1. Expect Reliance Jio to raise tariffs in medium term, telecom industry will see three large, strong telcos in market: Fitch Ratings

Expect Reliance Jio to raise tariffs in medium term, telecom industry will see three large, strong telcos in market: Fitch Ratings

Stating that telecom industry will see three large, strong telcos in the market, Fitch Ratings on Wednesday said that the telecom industry structure has now corrected.

By: | Published: March 22, 2017 4:21 PM
Reliance Jio has already announced the offers and tariff plans for its network service, which will be applicable from April 1, this year.

Stating that telecom industry will see three large, strong telcos in the market, Fitch Ratings on Wednesday said that the telecom industry structure has now corrected. “We expect that Reliance Jio will raise tariffs in the medium term,” it told ET Now. Reliance Jio has already announced the offers and tariff plans for its network service, which will be applicable from April 1, this year. After March 31, users will not get everything for free. In order to continue using the previous ‘Happy New Year’ offer, Jio users will have to pay a subscription fee of Rs 99. Additionally, they will have to shell out Rs 303 every month to continue accessing Jio’s 4G services and also the full bouquet of Jio’s media services for one year. Similar to the previous ‘Happy New Year’ offer, the Prime membership too will provide users with a FUP limit of 1GB data for each day. A consumer who still does not have a Jio connection can get on the network on or before March 31 in order to avail the Prime membership offer.

Meanwhile, intense competition in the domestic telecom space has not only impacted the revenue and margins of the operators, but also the industry debt, which is expected to rise by as much as 9.75% to R4.50 lakh crore by the end of the current fiscal compared to 2015-16 fiscal. Rating agency Icra estimated that the total debt of the telecom industry will rise from R4.10 lakh crore in March 2016 to up to R4.50 lakh crore by March-end this year.
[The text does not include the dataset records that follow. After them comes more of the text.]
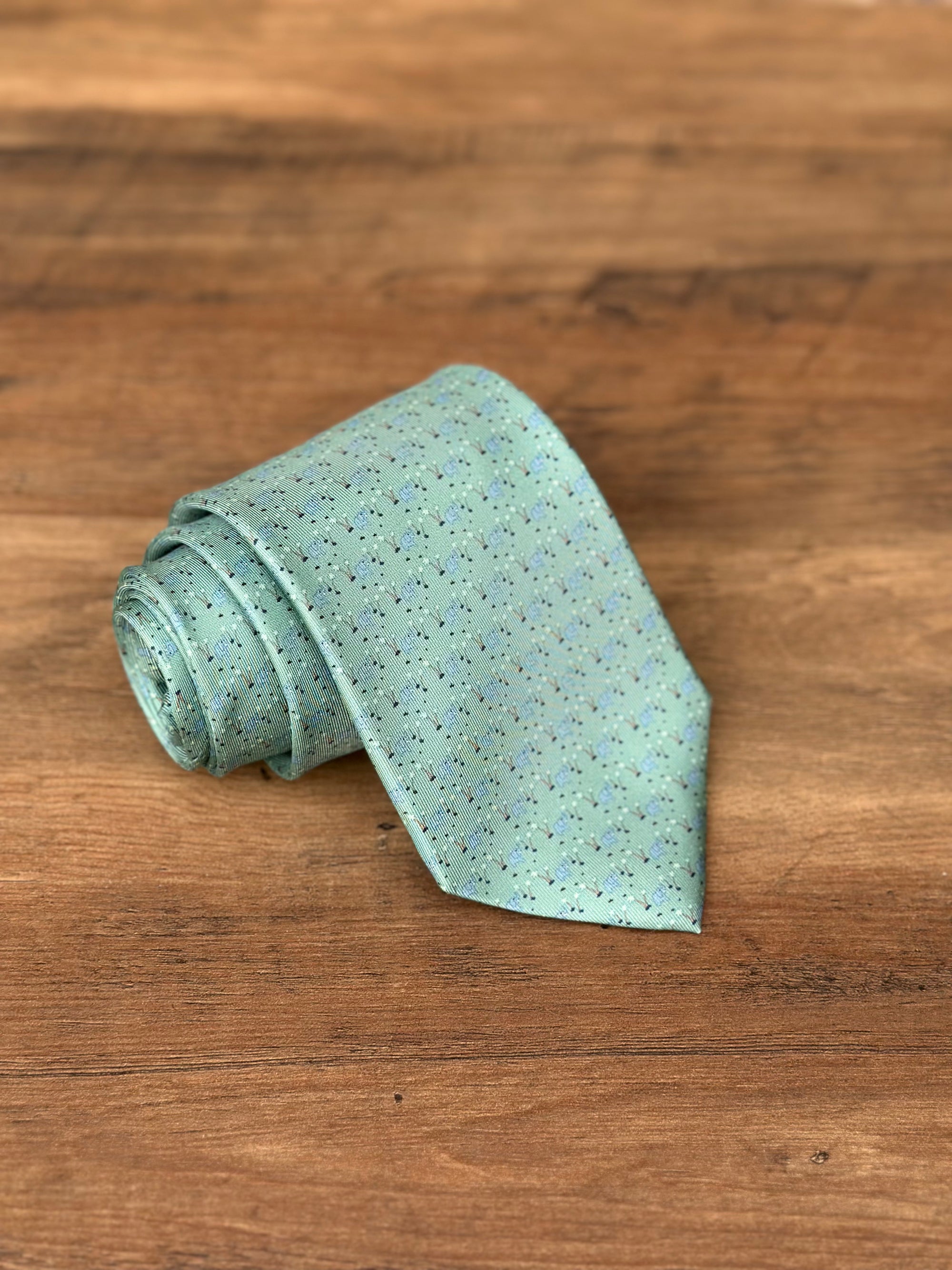 Corbata Serengeti verde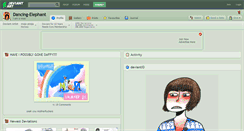 Desktop Screenshot of dancing-elephant.deviantart.com
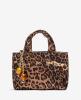 Image Unisa ZAFRICA_LSA - Sac à main Femme imprimé Léopard - Ornement - Poignées et chaîne intérieure amovible - 14cm x 22cm x 7cm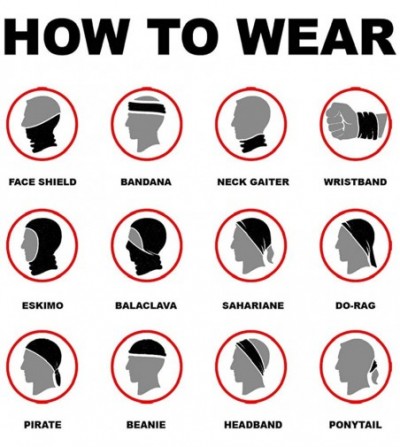Balaclavas Unisex Seamless Rave Bandana Neck Gaiter Tube Mask Headwear- Motorcycle Face Mask for Women Men Face Scarf - C0197...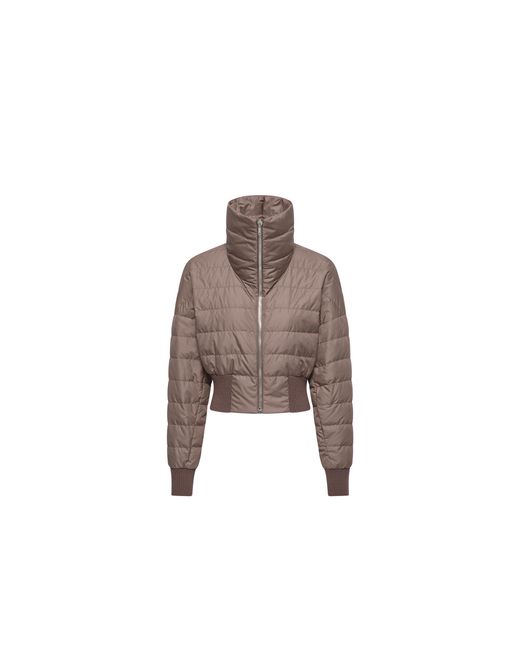 Moncler Brown Moncler Cropped Down Jacket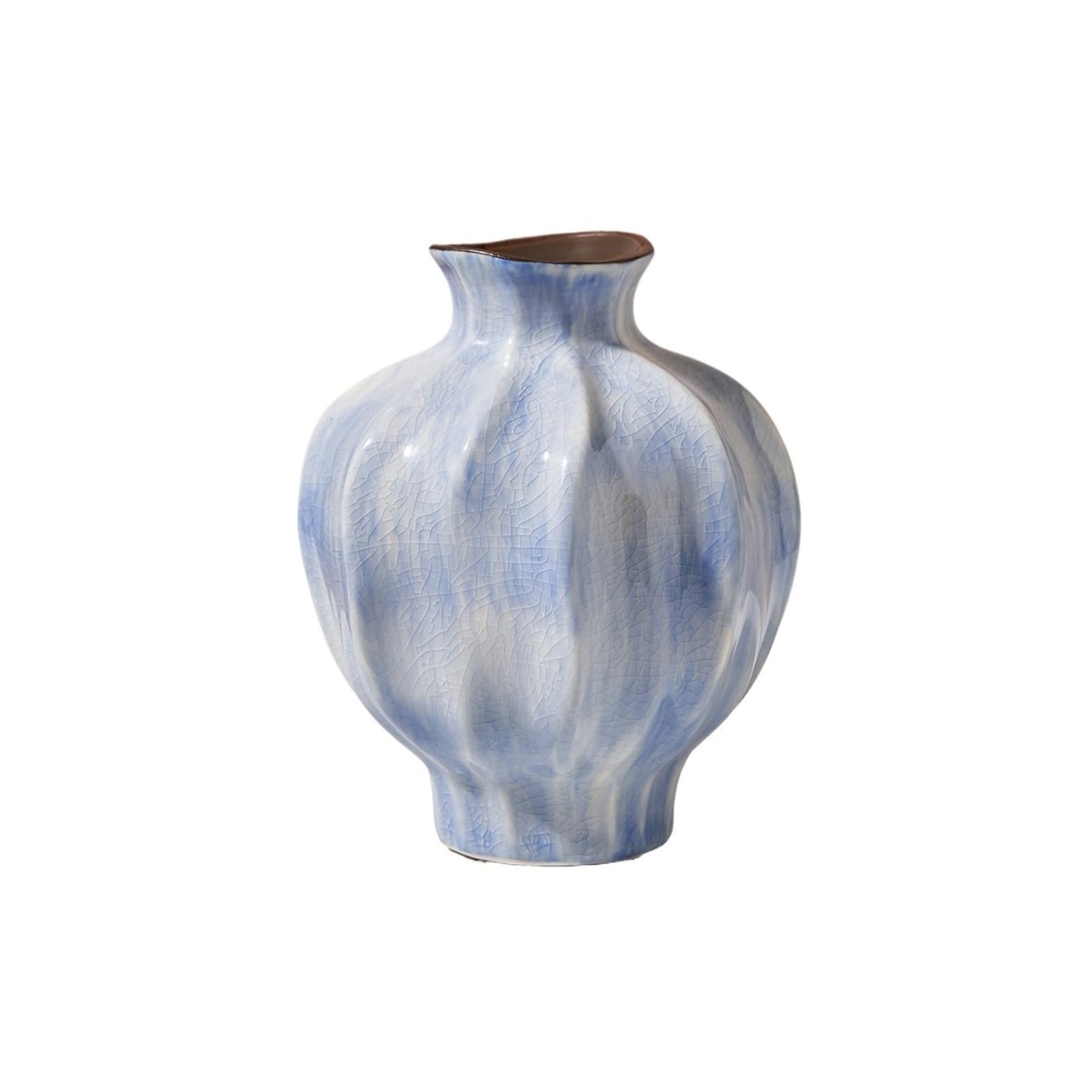 Centerpiece Vases Vintage Ceramic Vase with Personalized Cracks Light Luxury Living Room Dining Table Decoration Ornaments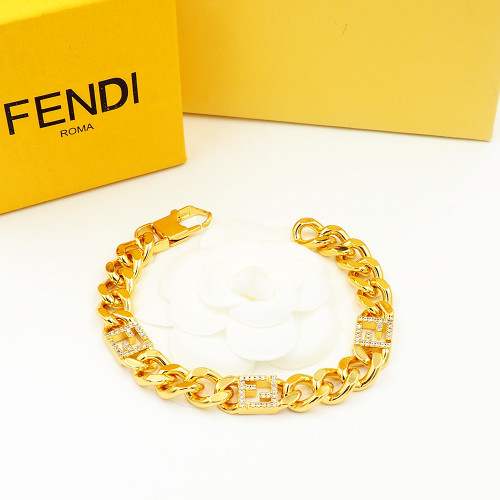 Fendi Luxury Men Womens Bracelet with Original Box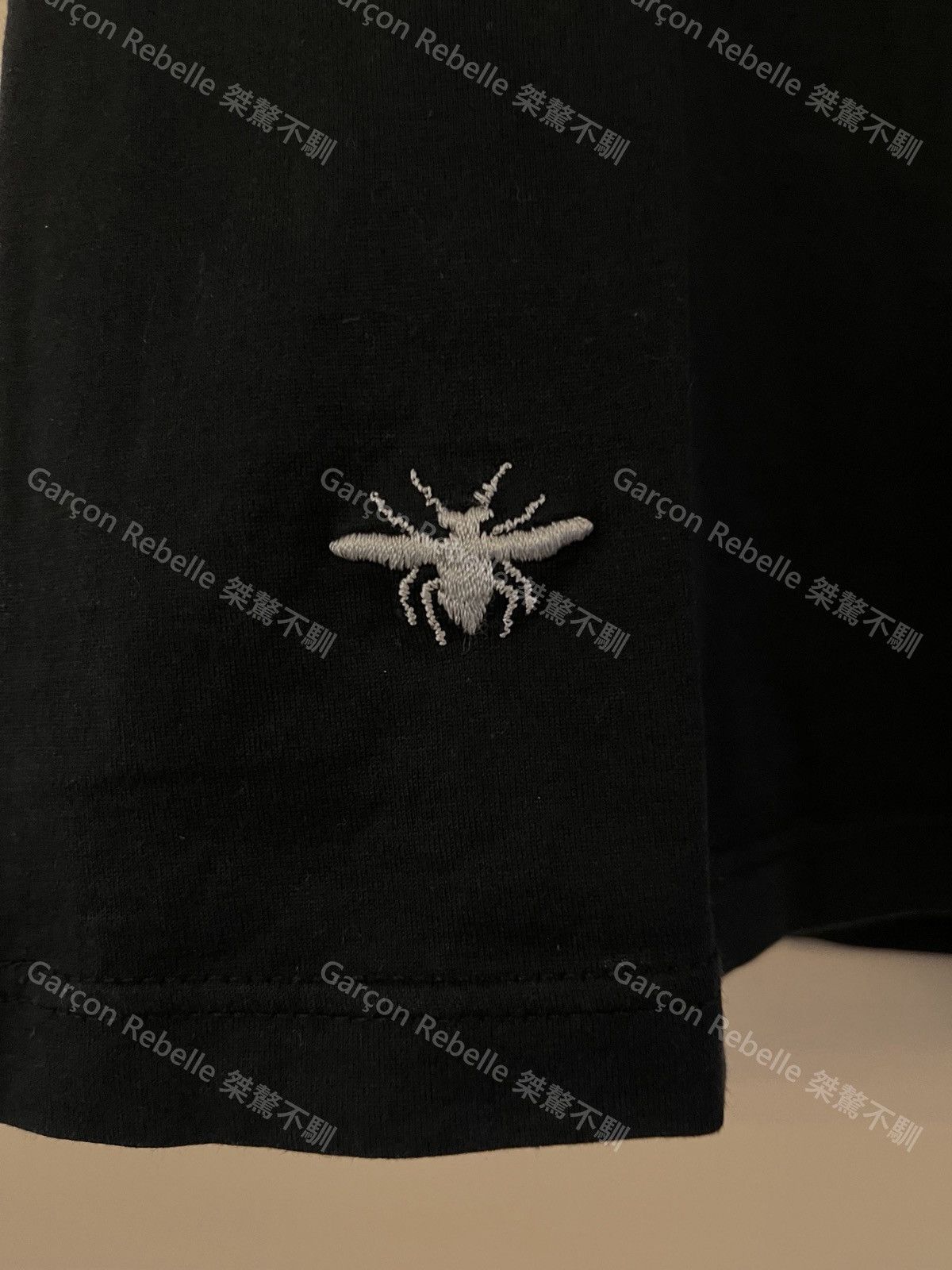 Dior Dior Homme Hedi Slimane 07ss Bee Embroidered Tank Top Size US S / EU 44-46 / 1 - 2 Thumbnail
Icra’s sector head of corporate ratings, Harsh Jagnani told FE, “The big concern for the industry, the big reality is the debt levels. As of March 2016, we had pegged it at R4.10 lakh crore and we had anticipated the industry to end the year, somewhere at 4-4.50 lakh crore and it looks likely that it will end at that level. Debt repayments will remain a concern for the industry.”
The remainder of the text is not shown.